Our study provides several novel insights into MM biology, taking advantage of WGS and serial sampling. For the first time, we comprehensively describe the landscape of SVs and complex events in MM, showing how these genomic aberrations are pivotal for MM pathogenesis, but play differential roles during different evolution phases. Interestingly, complex events such as chromothripsis and cycles of templated insertions are strongly players in MM, with an unexpectedly high prevalence that could not be captured by previous exome-based studies. Interestingly, these complex events had a key role in early phases of cancer development. Conversely, other events, such as focal deletions on oncogenes, chromoplexy and WGD, emerged as later aberrations potentially involved in drug resistance and relapse.

We demonstrate here how hyperdiploidy reflects the sum of multiple and independent chromosomal gains over time, in contrast to prior hypotheses1,2,3. This early and multi-step acquisition of trisomies is in line to what has been recently reported in solid tumors in a large pan-cancer analysis35. However, in contrast to solid cancers35,39,40, MM does not show a reliable relationship between global mutation burden and age, probably because of mutational processes that are not linear in time, and rather act in bursts, such as those promoted by AID and APOBEC33. Therefore, although we can be confident that the first trisomies occur early in relative molecular time, we cannot provide robust estimates of the chronological age at which these events were acquired.

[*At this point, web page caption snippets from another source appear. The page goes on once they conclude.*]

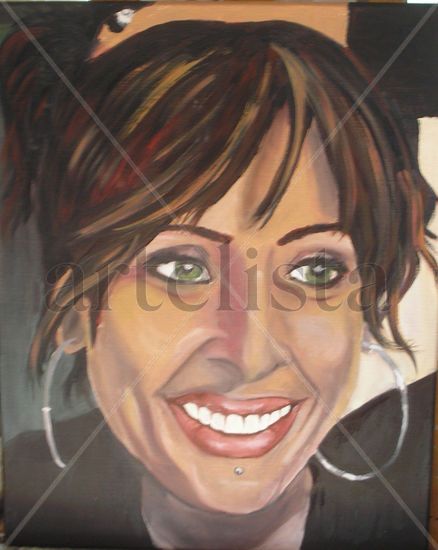 Mi Autoretrato Oil Canvas Portrait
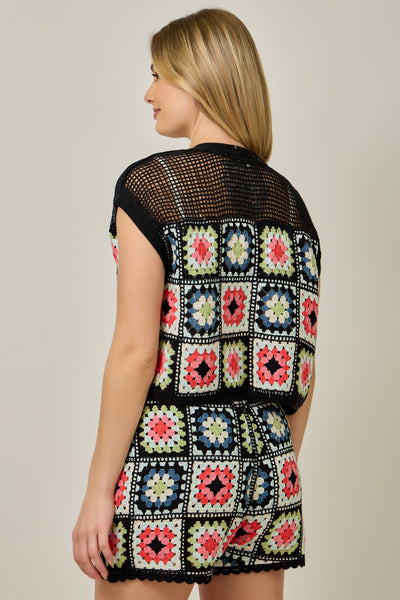 Granny Squares Cardigan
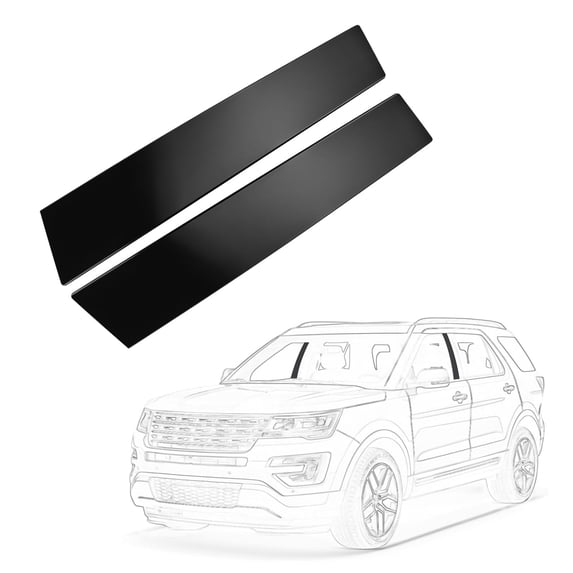 VeloCore Ford Explorer Front B-Pillar Trim Pair | No Keypad | 926-448 / 926-449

The combined chronological reconstruction of SNVs, CNAs, and SVs suggests that MM development follows preferred evolutionary trajectories, with stuttering accumulation of driver events in keeping with its insidiously progressive but unpredictable clinical course. Critical early events include immunoglobulin translocations with MMSET and CCND1, hyperdiploidy and complex structural variation processes hitting key myeloma genes. These early driver mutations shape the subsequent evolution of myeloma, each with preferred sets of co-operating cancer genes. The majority of these events are only detectable by WGS, highlighting a significant limitation of exome/targeted sequencing approaches to fully decipher the complexity of MM. In the near future, large cohorts of MM studied by WGS will better characterize these evolutionary trajectories over time, opening the field for more rationale therapeutic and preventive strategies.

Methods

Sample selection

The study involved the use of human samples, which were collected after written informed consent was obtained (Wellcome Sanger Institute protocol number 15/046). Samples and data were obtained and managed in accordance with the Declaration of Helsinki. DNA was extracted from CD138+ cells purified from bone marrow from 30 patients, of which 26 (86%) with multiple sampling, for a total of 67 tumor samples and 30 matched normal samples (Supplementary Data 1). Samples were collected at different clinical time points: smoldering (n = 11), symptomatic (n = 15), and relapsed MM (n = 41) (Supplementary Data 2). Constitutional control DNA originated from peripheral blood mononuclear cells. Purity of the CD138+ fraction was assessed by anti-CD138 immunocytochemistry post sorting, and only samples with >90% plasma cells were sequenced.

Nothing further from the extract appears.